L'objectif principal de ce mémoire relève d'une perspective pragmatique : il s'agit d'évaluer s'il existe aujourd'hui des liens entre les pratiques de la Pédagogie Avec les Enfants (PAE) et l'école qui soient suffisamment puissants pour en justifier l'institutionnalisation. Parce que ces pratiques croisent les intérêts de l'école en de nombreux points et que leur impact sur l'enfant est multidimensionnel, il n'était pas envisageable de prétendre ici à une évaluation exhaustive de l'ensemble de ces liens - les identifier dans toutes leurs nuances constitue déjà en soi un objet de recherche.

Le choix a donc été fait de circonscrire cette évaluation à un seul item-clé : celui du développement de la pensée critique chez les enfants. Le scénario qui a finalement été retenu comme fil rouge de la recherche est celui d'une PAE entendue comme approche systémique de développement de la pensée critique à l'école, d'où le titre: Entrer en pensée critique à l'école élémentaire par la philosophie: les enjeux d'une institutionnalisation.

Pourquoi avoir choisi cet item? Parce-que penser de manière critique est une compétence fondamentale à acquérir pour les membres d'une société démocratique. On s'accorde aujourd'hui sur cette nécessité d'une intégration de la pensée critique à l'éducation. Pourtant, on constate d'importantes lacunes dans sa mise en oeuvre comme dans ses résultats. Plusieurs recommandations ont été émises, dont celle d'encourager la pensée critique dès l'école primaire. C'est ce que se propose de la Philosophie Avec les Enfants L'implication de la PAE dans les finalités de l'éducation ainsi que l'engouement dont elle fait l'objet la placent en position favorable pour mettre en oeuvre la formation à la pensée critique au sein des institutions éducatives. Cependant, elle n'existe explicitement dans aucun programme scolaire.

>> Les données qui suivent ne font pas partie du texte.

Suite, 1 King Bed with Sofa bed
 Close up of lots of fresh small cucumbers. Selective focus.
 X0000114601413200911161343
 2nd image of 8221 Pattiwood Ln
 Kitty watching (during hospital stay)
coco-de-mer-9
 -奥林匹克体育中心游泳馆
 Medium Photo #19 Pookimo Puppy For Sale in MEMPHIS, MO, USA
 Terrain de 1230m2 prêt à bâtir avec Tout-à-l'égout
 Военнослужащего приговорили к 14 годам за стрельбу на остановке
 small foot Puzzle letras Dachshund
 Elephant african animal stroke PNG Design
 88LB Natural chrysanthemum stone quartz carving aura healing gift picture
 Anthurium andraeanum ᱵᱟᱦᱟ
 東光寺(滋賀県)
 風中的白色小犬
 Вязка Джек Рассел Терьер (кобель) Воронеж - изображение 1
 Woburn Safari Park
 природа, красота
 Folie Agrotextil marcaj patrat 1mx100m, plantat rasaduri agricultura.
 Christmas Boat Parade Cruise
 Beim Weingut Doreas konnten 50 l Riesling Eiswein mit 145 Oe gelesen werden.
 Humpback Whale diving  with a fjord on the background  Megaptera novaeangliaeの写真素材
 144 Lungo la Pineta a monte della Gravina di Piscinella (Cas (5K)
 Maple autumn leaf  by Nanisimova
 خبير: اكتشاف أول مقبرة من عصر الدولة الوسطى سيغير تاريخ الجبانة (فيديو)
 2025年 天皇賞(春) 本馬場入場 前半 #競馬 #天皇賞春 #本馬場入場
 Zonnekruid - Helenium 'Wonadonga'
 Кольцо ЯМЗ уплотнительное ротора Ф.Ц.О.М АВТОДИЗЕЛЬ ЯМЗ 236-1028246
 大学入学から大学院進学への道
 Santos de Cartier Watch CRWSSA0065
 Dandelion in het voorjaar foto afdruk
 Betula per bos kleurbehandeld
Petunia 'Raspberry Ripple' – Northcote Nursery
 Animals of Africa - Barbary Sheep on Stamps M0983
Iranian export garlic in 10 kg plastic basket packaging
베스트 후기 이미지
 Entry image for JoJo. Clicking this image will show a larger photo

La question se pose alors des objections et des enjeux qui président à son éventuelle institutionnalisation : dans quelle mesure les caractéristiques de la PAE s'accordent-t-elles avec les exigences de l'institution scolaire? Autrement dit, la philosophie avec les enfants comme entrée en pensée critique possède-t-elle les caractéristiques nécessaires à son institutionnalisation ?C'est la question que traite ce mémoire en évaluant quatre caractéristiques majeures : la concordance avec les objectifs, valeurs et finalités de l'éducation, la légitimité scolaire, le(s) modèle(s) d'intégration possible(s), la portée réelle du dispositif.

La notion abstraite d'enjeux et la dimension prescriptive du terme institutionnalisation appellant une approche théorique du sujet d'étude, la méthodologie retenue a été celle de l'analyse interprétative de corpus documentaire. Il s'agit d'investiguer dans la littérature scientifique les énoncés théoriques et résultats d'études empiriques éclairant notre problématique à des fins évaluatives. Elle répond à un double enjeu de recherche : pragmatique d'abord, car elle cherche une solution au problème de formation à la pensée critique ; politique, ensuite car elle touche aux conceptions de l'éducation.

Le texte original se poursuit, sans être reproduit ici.